Вы приходите в отдел обуви без точной цели, просто в растерзанных чувствах, а между тем вам нужны новые водонепроницаемые сапоги, хотя вы об этом даже не думаете. Дежурный дружелюб мгновенно улавливает вашу вибрацию и первым делом улыбается вам. Несколько секунд нужно специалисту-друже-любу, чтобы разобраться в вашем характере и психическом типе. Ведущую роль в этом деле будет, конечно, играть интуиция, но и без электроники здесь не обойтись. Разобравшись, дружелюб мгновенно выбирает средство воздействия. Может быть, это стакан холодного пива или, наоборот, горячего чая, может быть, анекдот, может быть, просто молчание, проникновенный взгляд, может быть, музыка, может быть, стихотворение. Если вы подавлены какой-то очередной неудачей, потеряли веру в себя, нужно подхлестнуть вас каким-нибудь Фрэнком Синатрой. Если же вы, наоборот, раздражены и растрепаны семейным или любовным разладом, в дело пойдет, скажем, 67-й квартет Гайдна ре-мажор.

Между прочим, в поле вашего зрения вплывут вдруг дивные сапоги модели «Ураган», и вы наверняка уйдете из магазина с замазанной трещиной души.

Еще раз подчеркиваем: цель контакта «дружелюб — покупатель» состоит вовсе не в сапогах, цель-в солнечном пятнышке, в волне теплого воздуха, в ободряющем биотоке.

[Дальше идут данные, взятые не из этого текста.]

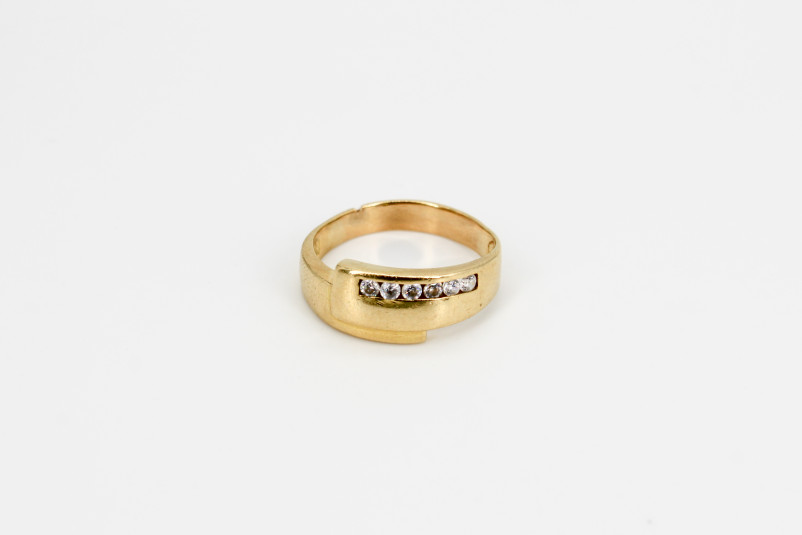 Anillo de oro de 18k. de segunda mano. Joyería de ocasión | ROYALHYSTERIA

Вы уйдете из торгового центра, а ваш «дружелюб» прислонится спиной к стеклянной стене, взглянет на отраженные в стеклянном же потолке сосны, оползающие пленки непогоды, мокрый подлесок с яркими точками волчьих ягод и шиповника и крепко зажмурит глаза, чтобы вспомнить нечто из детства, чтобы дослушать квартет или для того чтобы подумать о старике Гайдне, — ведь и сам он человек, несмотря на профессию, и ему тоже нужен дружелюб, хотя бы из неживых, но оставивших о себе звуковую ясную память.